(Image-text web data)

★ ★ ★ ★

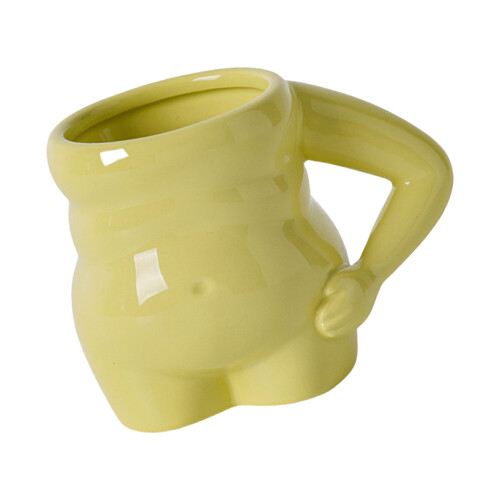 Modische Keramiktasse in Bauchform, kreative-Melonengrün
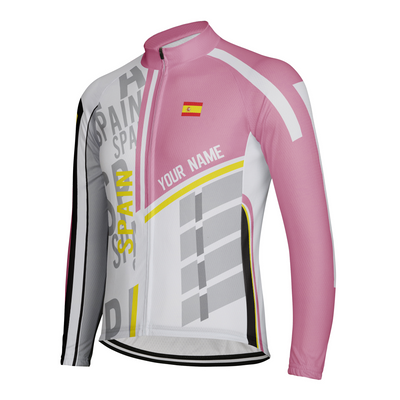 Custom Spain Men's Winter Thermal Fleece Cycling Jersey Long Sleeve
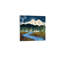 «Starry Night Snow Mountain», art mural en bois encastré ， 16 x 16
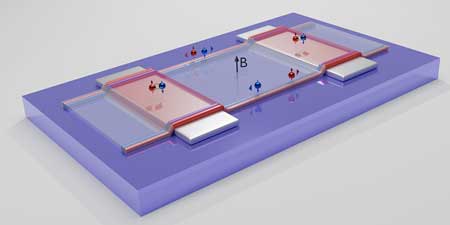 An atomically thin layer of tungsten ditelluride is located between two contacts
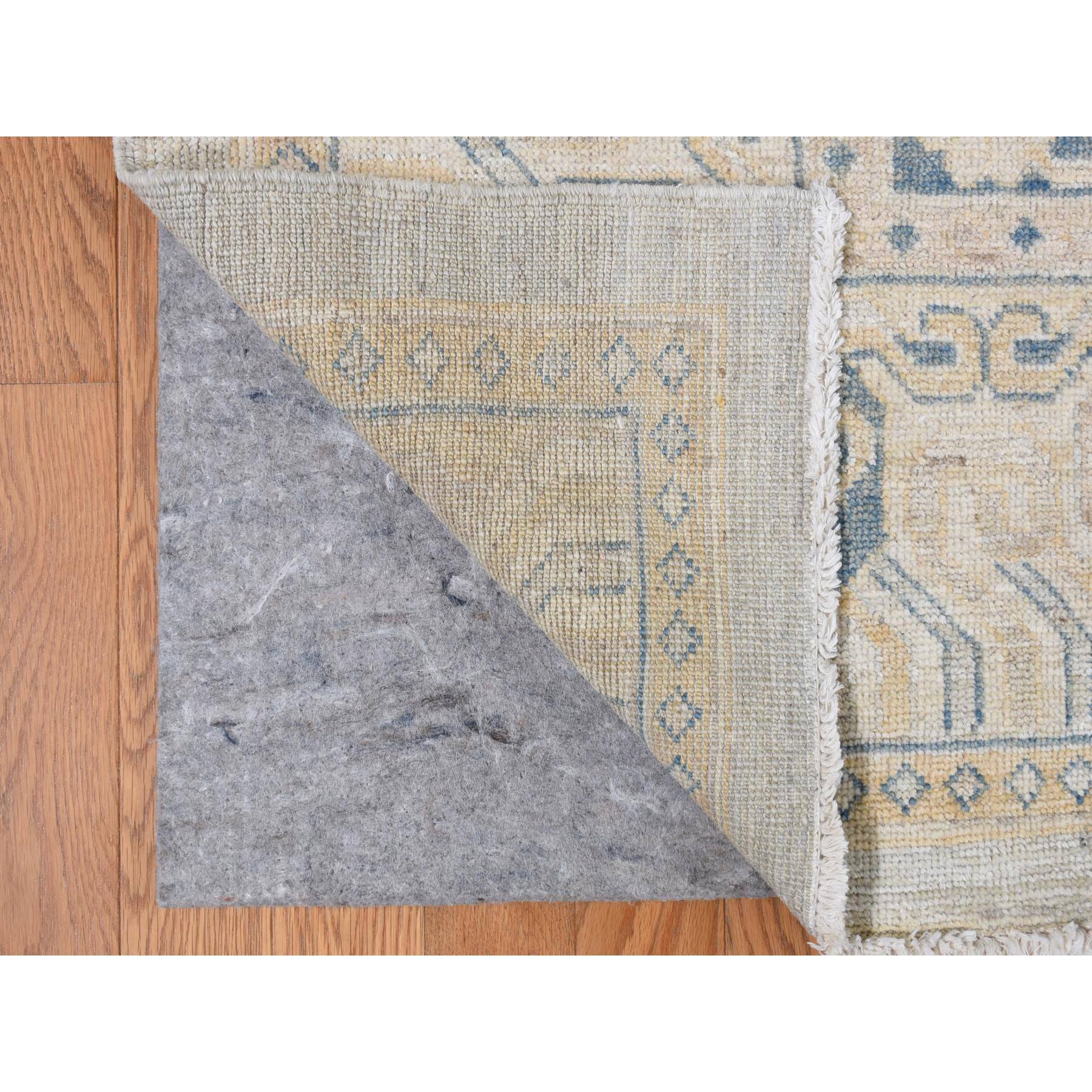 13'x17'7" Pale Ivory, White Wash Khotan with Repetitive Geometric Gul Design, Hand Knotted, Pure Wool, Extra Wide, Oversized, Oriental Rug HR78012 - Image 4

★ ★ ★ ★

_What the task asks_: Keeping every word as it is, write out all the data and omit the pictures.

_Task response_:
 Modische Keramiktasse in Bauchform, kreative-Melonengrün
 Custom Spain Men's Winter Thermal Fleece Cycling Jersey Long Sleeve
 «Starry Night Snow Mountain», art mural en bois encastré ， 16 x 16
 An atomically thin layer of tungsten ditelluride is located between two contacts
 13'x17'7" Pale Ivory, White Wash Khotan with Repetitive Geometric Gul Design, Hand Knotted, Pure Wool, Extra Wide, Oversized, Oriental Rug HR78012 - Image 4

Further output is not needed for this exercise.